Now suppose you want to fit data to a parabola. You not only need to collect data at the ends, but also in the middle so you can know the extent of the curvature. If you are not so smart, you will just start collecting data wherever you feel like it and, in so doing, waste a lot of time and possibly fit a parabola that can't predict well. A design says "collect data at the ends and in the middle." This is smart and efficient.


With multivariate analysis -- many factors -- you fit a surface in several dimensions. Even a smart person has trouble determining where to collect data for the best fit in this situation. A design tells you where to collect data to be sure to get a good fit and to be efficient about the data collection.


Response Surface Methodology (RSM)-what does this have to do with DOE?

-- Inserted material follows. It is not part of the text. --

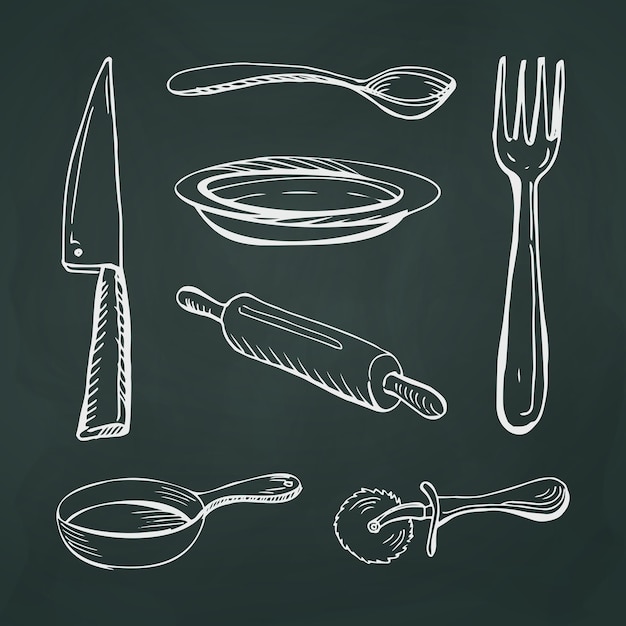 Vector set of 7 cutlery thin white lines on a textural dark background vector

RSM is the system for analyzing the results of your designed experiments. Each response (a measured result or goal) is fitted onto a surface like a map, where you pinpoint the best solution to your project. If you have more than one response goal, RSM will tell you the best combination of your factors to meet all your goals simultaneously. RSM also shows you, like on a topographical map, what will happen to your response(s) if you change the factor settings. This helps you understand how robust your solution is. Will you have wide production tolerances or not when your project goes to manufacturing?


RSM is done with software. RSM gives you your "Sweet Spot," your answer, the best settings for each of your factors to produce your high quality, reproducible product.



Technical details: RSM is the second piece in the system. It fits the data you have collected to a polynomial. This is a surface in many dimensions, one for each factor and one for the response. This is the model. It lets you predict the outcomes of thousands of experiments you have never run.


RSM is not dependent on DOE. You can fit a response surface to any data. However, like the line or parabola above, you will only get a good model if you were lucky. If you collected your data using a design you will know that you have a smart, efficient set of data that will produce the best fit possible.


The Relationship of DOE and RSM to Product Development


DOE plus RSM give you the tools to develop high quality products as quickly as possible. Instead of having to run experiments until something works, you run an efficient set of wisely chosen experiments that will fit to an RSM model. This model will predict where you need to work to develop the best product.


Previously, technical staff would run experiments for every guess they had as to how things should work. Although no-one would admit it, this "hunt and peck" method was very common. When would they know if they could develop this product or the best way to develop it? Who knows?


One-Factor-at-a-Time (OFAT) experimentation replaced "hunt and peck." Staff, using what they learned in college, ran experiments like this: Hold every factor constant except one, vary that factor until you find where it works best, then hold that factor constant and vary another one. Continue until all of the best factor levels are found.


OFAT seems so reasonable that most people will agree that it must work. But it usually doesn't! Why not? It turns out that Nature often works through interactions. It isn't the temperature or the time that is important when baking a cake -- it is setting the right temperature for the baking time that matters (or baking for the right amount of time for the chosen temperature). The OFAT method taught in college prevents you from seeing these interactions. An experiment design LOOKS for them.


Each time you add more factors and/or more responses, your task becomes even more complex. After a certain level, only a designed experiment will produce a genuine "Sweet Spot" in a reasonable time period.


When your development teams use DOE plus RSM:


They will provide a realistic estimate of the amount of work required before any experimentation is started


They will be able to determine the best way to make your product.


They will take all the important interactions into account.


They will even be able to show which of all the possible interactions are important and which are not.


They will be able to do all this work efficiently.